» **PROBLEM DETAILS**: Look through the listing below and report the lines that have the word "table" in them.

.....

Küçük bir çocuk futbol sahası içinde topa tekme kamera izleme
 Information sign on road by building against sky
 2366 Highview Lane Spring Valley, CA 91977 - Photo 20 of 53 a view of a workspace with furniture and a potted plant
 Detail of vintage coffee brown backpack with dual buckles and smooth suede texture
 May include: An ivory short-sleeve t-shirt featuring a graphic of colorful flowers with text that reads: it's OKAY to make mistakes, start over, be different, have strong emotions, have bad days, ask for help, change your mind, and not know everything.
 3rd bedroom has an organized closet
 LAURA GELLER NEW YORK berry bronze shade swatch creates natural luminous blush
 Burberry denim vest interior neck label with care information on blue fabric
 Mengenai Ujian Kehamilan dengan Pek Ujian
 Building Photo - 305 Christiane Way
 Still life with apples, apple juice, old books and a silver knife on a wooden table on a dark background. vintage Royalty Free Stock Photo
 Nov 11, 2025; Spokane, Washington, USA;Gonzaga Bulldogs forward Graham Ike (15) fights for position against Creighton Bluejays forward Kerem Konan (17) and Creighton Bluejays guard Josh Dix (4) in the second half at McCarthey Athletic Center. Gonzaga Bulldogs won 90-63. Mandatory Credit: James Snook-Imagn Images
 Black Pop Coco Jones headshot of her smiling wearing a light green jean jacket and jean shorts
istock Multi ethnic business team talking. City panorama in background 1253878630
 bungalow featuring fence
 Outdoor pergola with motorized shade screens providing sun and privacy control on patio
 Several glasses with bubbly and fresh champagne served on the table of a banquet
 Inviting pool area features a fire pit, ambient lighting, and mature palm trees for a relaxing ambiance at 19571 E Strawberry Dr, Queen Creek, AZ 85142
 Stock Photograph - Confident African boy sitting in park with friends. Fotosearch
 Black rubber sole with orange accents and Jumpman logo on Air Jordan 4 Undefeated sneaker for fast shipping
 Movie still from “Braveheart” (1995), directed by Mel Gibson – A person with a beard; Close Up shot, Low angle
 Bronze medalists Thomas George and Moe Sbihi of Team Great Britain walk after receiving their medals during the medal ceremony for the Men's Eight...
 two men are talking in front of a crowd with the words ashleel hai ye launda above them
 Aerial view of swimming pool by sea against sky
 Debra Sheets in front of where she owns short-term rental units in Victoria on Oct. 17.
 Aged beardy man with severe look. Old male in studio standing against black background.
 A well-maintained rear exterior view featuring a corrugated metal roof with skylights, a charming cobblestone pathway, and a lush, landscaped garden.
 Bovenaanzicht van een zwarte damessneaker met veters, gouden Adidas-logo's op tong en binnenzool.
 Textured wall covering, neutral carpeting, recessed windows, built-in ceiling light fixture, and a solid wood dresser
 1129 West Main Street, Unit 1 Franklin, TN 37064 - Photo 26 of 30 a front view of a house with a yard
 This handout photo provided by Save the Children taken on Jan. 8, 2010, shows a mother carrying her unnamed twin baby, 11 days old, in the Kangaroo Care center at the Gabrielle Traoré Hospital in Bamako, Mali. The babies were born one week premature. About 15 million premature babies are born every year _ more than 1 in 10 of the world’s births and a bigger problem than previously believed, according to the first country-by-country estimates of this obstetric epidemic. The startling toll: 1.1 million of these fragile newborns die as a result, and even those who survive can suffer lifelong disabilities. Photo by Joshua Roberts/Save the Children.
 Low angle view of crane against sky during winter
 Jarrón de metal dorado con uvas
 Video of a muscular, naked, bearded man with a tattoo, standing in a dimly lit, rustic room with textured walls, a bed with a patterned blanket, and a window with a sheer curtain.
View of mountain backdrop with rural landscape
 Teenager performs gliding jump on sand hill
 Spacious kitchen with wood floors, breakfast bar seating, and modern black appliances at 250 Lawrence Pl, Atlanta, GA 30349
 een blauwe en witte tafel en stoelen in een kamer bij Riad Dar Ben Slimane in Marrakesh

.....

» **SOLUTION TO THE EXERCISE**:
 Still life with apples, apple juice, old books and a silver knife on a wooden table on a dark background. vintage Royalty Free Stock Photo
 Several glasses with bubbly and fresh champagne served on the table of a banquet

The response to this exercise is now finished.